Je suis une femme entre deux mères qui n’a trouvé la paix qu’en devenant mère elle-même. Ce bonheur à l’abri des miens m’a permis d’avoir un autre regard sur mon enfance et des années noires dont je ne parlerai pas. Il n’y plus de témoin et y a-t-il jamais eu un coupable ?

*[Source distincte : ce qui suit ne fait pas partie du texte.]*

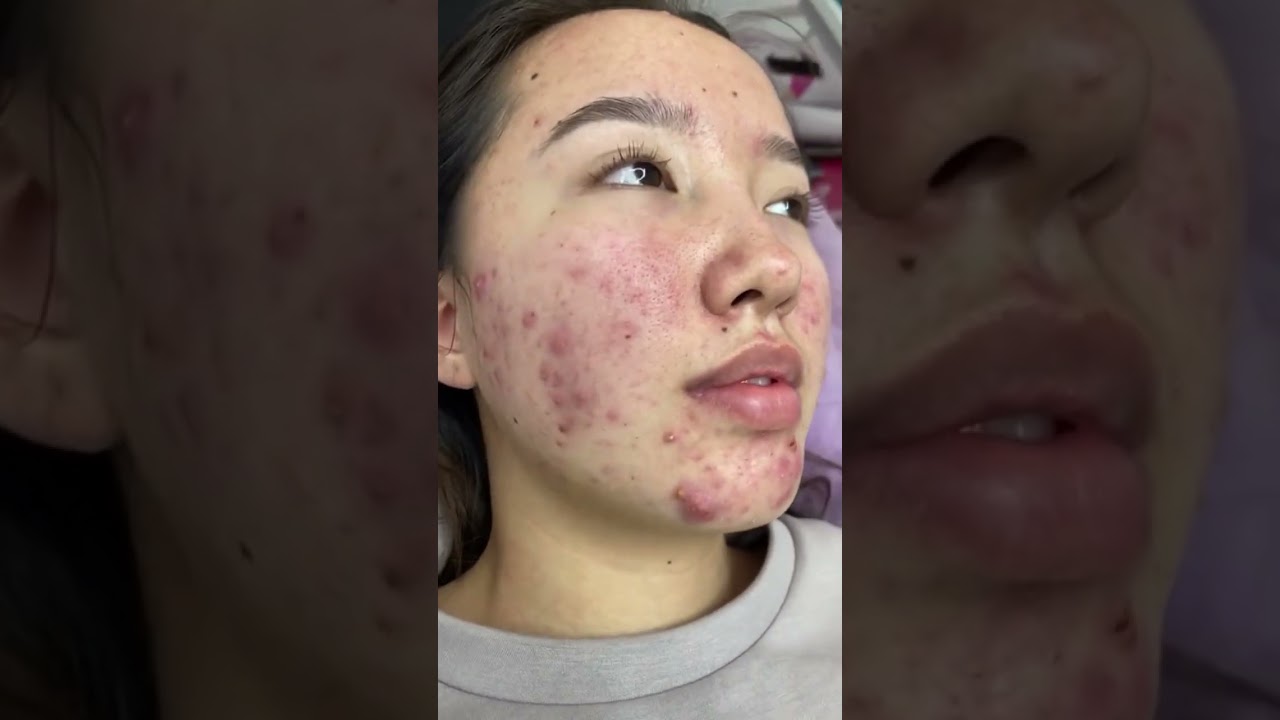 Тяжелая форма акне #доипосле #акнекутан
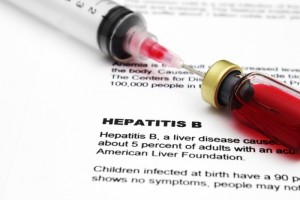 hepatitis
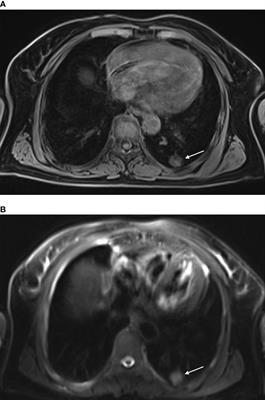 MR-Guided Microwave Ablation for Lung Malignant Tumor: A Single Center Prospective Study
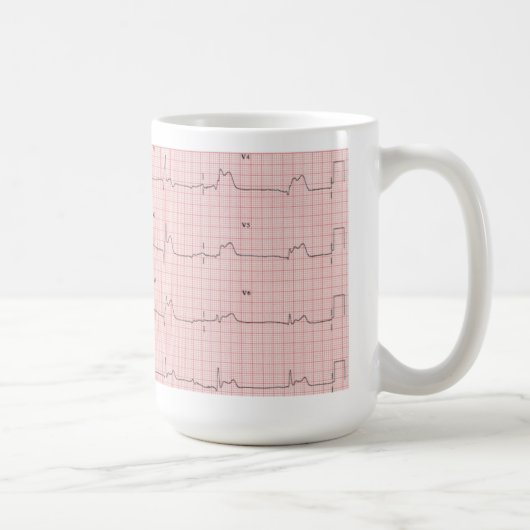 ECG Tasse (Rechts)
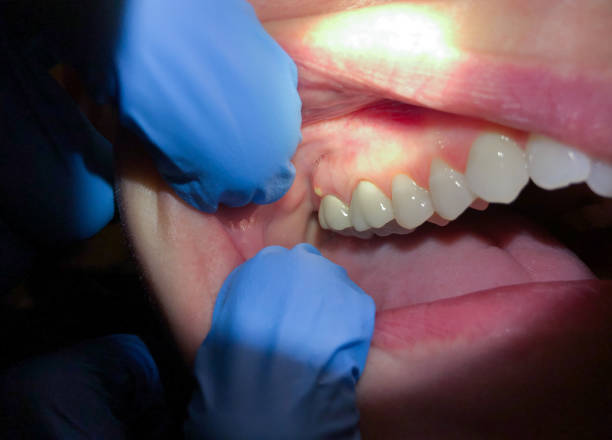 Best Urgent Dental Care for Toothache in Jacksonvle, IL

Aujourd’hui ma mère est âgée et nous nous rapprochons de cette intimité animale de nos débuts dans les regards, plus que dans les gestes. Nous nous sommes aimées sur le tard, trop tard pour les câlins mais j’ai pris son parti et le mien aussi. Elle est et a toujours été par mon choix délibéré, mon père et ma mère à la fois, ou plutôt une sœur aînée sur laquelle j’ai veillé. En échange ou peut-être par négligence, elle m’a offert la liberté. Je crois que, peu maternelle, elle en avait besoin pour elle-même. Je l’ai regardée aimer et elle m’a observée avec curiosité « pousser comme une plante sauvage ». C’était son unique principe d’éducation.
Un jour, je n’avais pas quinze ans, elle découvrit un de mes poèmes. Pour elle qui avait toujours rêvé d’écrire, ce fût comme une révélation, une frontière venait de s’effacer entre nous. Je me souviens de son regard, de ses mots aussi « C’est toi qui a écrit ça ? »Le poème s’intitulait « Solitude de l’amour » J’ai compris ce soir là que je venais de faire quelque chose d’important. J’ai vu que ma mère me voyait comme elle ne m’avait jamais vue. Nous avons partagé en confidence ses amours, ses déceptions et parfois la musique qui les accompagnait : Wagner, Schumann, Mozart, Ravel, Poulenc. Des livres aussi, certains dédicacés par elle pour que je puisse les lire en pension : Stendhal, Radiguet, Montherlant, Sagan, et même le sulfureux D.H. Lawrence avec « L’amant de Lady Chatterley.
Les années ont passé, les enfants ne pleurent plus que dans nos rêves et quand je lui téléphone ou m’assieds au pied de son lit pour nos messes basses matinales, nous parlons de l’été qui tarde et des hivers trop longs, de musique encore et de livres toujours. Celle qui fut autrefois belle et lapidaire dans ses jugements, se contente de ses souvenirs, d’un regard sur son jardin quand elle n’affronte pas les douleurs d’un corps défait, meurtri, presqu’immobile. J’ai commencé à parler d’elle au passé en sa présence. D’un futur qui ne lui appartiendrait pas, qu’elle ne lirait pas. Alors ma mère me souffle sa mémoire, la mélange à ma vie en toute lucidité pour qu’amnésique, j’écrive le livre qu’elle n’a jamais commencé.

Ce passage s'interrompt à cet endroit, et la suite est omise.